Areas to explore as a practitioner-lecturer in Arts and Media
Two areas that benefit greatly from the involvement of practitioner-lecturers are Arts and Media. Regardless of college employment status, these individuals disseminate their past and, crucially, ongoing experience of the creative industries in which they work across their lectures, seminars and workshops. Their first-hand understanding of how ‘traditional’ models of employment are becoming increasingly irrelevant to working in the Arts and Media may require them to adapt existing curriculum materials or even rewrite them completely.
Luckily, most FE colleges that employ creative specialists for their HE (and FE) provision recognise the contribution these individuals make to the portfolio, often encouraging them to develop their pedagogical skills while allowing them the freedom to influence the curriculum to their understanding of the industries in which they work. This benefits the learner from several perspectives; the contextualisation of theory into practice and the ‘truth’ about working within a highly competitive and notoriously unpredictable sector are two good examples, but the contribution a practitioner-lecturer can make to the content, structure and direction of delivery and assessment can go even further.
Entrepreneurship within Arts and Media
Professional career
The move towards entrepreneurship within Arts and Media is at the heart of redefining who the employers are, what the nature of employment is and the shape of the respective industries. From graphic design to music production, many graduates will find themselves either working for themselves or within very small SMEs at the beginning of their professional career – and might aspire to have their own company as a long-term goal. Consequently, their Higher and, often to an equal extent, Further Education studies need to reflect this reality.

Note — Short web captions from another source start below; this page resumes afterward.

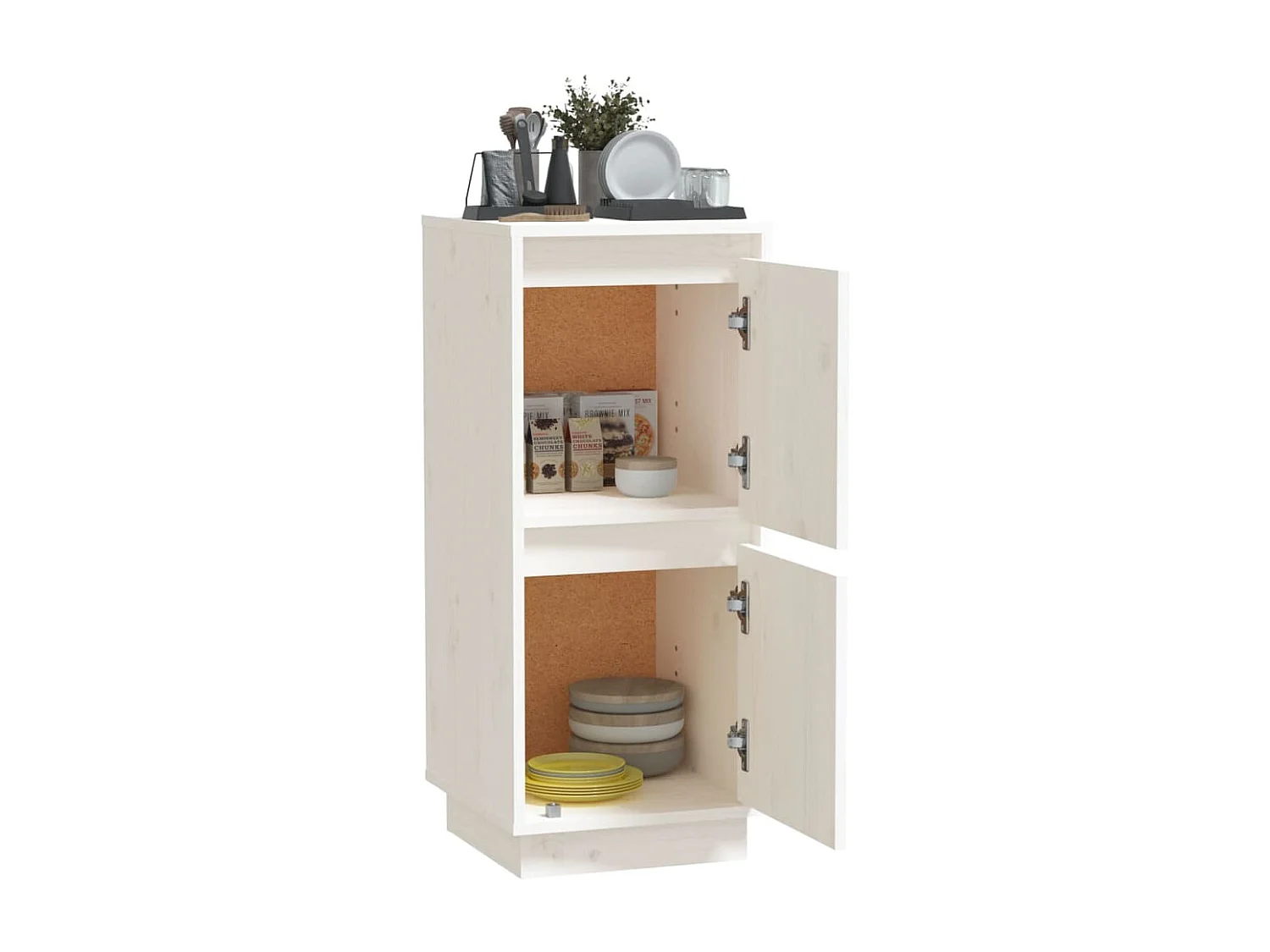 Buffet Blanc 31,5x34x75 cm Bois massif de pin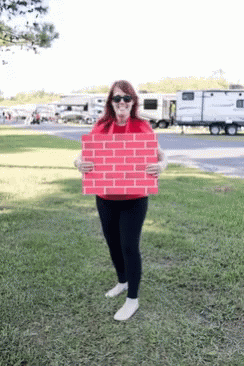 Woman In Red Sweater Holding Brick Wall GIF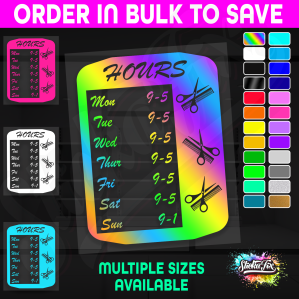 Shop Custom Business Hours Trading Opening Times Vinyl Decal Sticker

To facilitate this, a raft of additional curriculum content might be called for. Lecturer-practitioners will understand the importance of business acumen, the marketing and development of ideas, the value of so-called ‘soft skills’ and the financial complexities of setting up a studio or company from their own experience. However, informing and encouraging their students of these elements is not enough – it has to be designed into the curriculum and integrated with the academic, creative and technical dimensions of their courses.
To contextualise how important an accurate perception of employment is within Arts and Media, consider the Department for Culture, Media and Sport’s 2015 mapping document. In it, they state the UK creative industries were worth a record £76.9 billion to the UK economy in 2013, after growing by almost 10% year on year – a rate that is predicted to continue.
This growth was higher than any other UK industry, three times the average increase in the UK economy over the same period and contributed a staggering £17.3bn of exported services. In 2013, this equated to 1.71m jobs, a 1.4% increase on the previous year – so understanding how employment is evolving within these industries and preparing students accordingly is vital to curriculum design and content.
Having a tutor with contemporary work experience is usually seen to be advantageous by learners, often leading to a close working relationship that is the hallmark of CBHE compared to the traditional University sector. Such a rapport can develop into a vibrant, dynamic collaboration where the cohort challenges the practitioner-lecturer to ensure what they learn is of maximum benefit to the class, pushing them creatively, technically and academically to achieve their potential – while continuously defined within the reality of the profession.
Practitioner-lecturers are valued by their students and should be viewed as great assets by their employers; after all, if they cannot shape a curriculum within such rapidly changing and challenging sectors to enhance the employability of the learners, who can?